Between Emerson’s two radio stations, students at the college have the chance to have their voice heard by millions of listeners. For the first time next year, the skills for a career in radio will only be offered through a minor, not within a major.
Starting in the fall, the college will offer a radio minor for students interested in the discipline, replacing its previous radio concentration within the visual and media arts major. Emerson stopped offering that concentration to new students last semester, according to a previous Beacon report.
“There will be several courses available to students, such as marketing, sales and promotions, vocal presentation for media and broadcast, radio journalism, and business of broadcasting,” said Jack Casey, the general manager of WERS, Emerson’s student-run public radio station. “The courses cover different areas of radio, because we want to help students develop specific skills and succeed in the business.”
Students are currently able to participate in radio through WERS and WECB, an online station. Casey said that students hold almost all of the responsibilities of running these stations.
“At WERS, we have 12 paid student managers who act as program directors, music directors, and web editors,” Casey said. “Aside from them, there are about 80 volunteers who act as DJs and newscasters. WECB also has many volunteers who are able to design their own programs. The stations allow them to identify the real jobs they would be doing outside of Emerson.”
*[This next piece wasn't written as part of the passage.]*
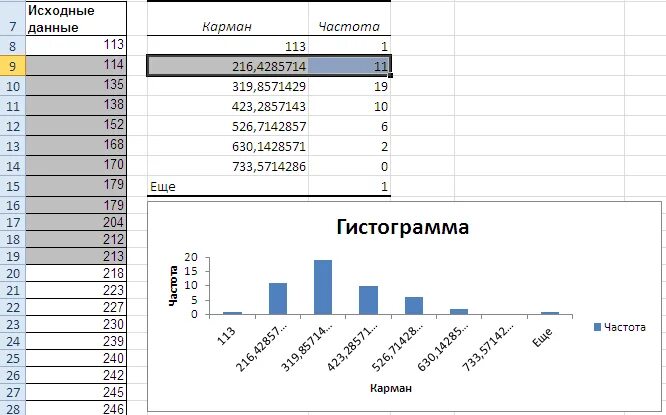 Построить гистограмму частот по данным таблицы. Частотный график в excel. График частоты в эксель. Таблица распределения частот в эксель. Гистограмма распределения в экселе.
Because of the high level of work put in at the radio stations, Casey said he believes these students will be interested in the radio minor.
Emma-Jean Weinstein, a senior visual and media arts major, agreed.
“I started at WERS as a sophomore, hosting a Jewish music show,” Weinstein said. “I later got a job reporting, producing, and overseeing the reporting for a program called ‘You Are Here.’ I no longer work at WERS because I’m doing an internship, but I enjoyed my time there. I feel like I’m four years too late for this radio minor.”
According to William Gilligan, interest among students in radio has fluctuated over time.
“Twenty years ago, there used to be a couple hundred students in the visual and media arts department who majored in radio,” said Gilligan, vice president of information technology. “A number of factors went into the major’s decline.”
Casey added that the decline in jobs in the radio industry could have contributed to the closing of the concentration.
Due to the climate change in the radio industry, the college chose to end the major.
“It was a decision made by the visual and media arts department,” Casey said. “I imagine it was due to fewer jobs than in decades past. But broadcast journalism is having a bad time as well, so I’m not sure why the decision was made to only phase out radio.”
Despite this, both Casey and Gilligan said they are confident that the new minor will attract a large audience.
“People used to predict the death of television,” Gilligan said. “But TV isn’t going anywhere. It’s the same with radio. Radio isn’t going anywhere. It’s just changing.”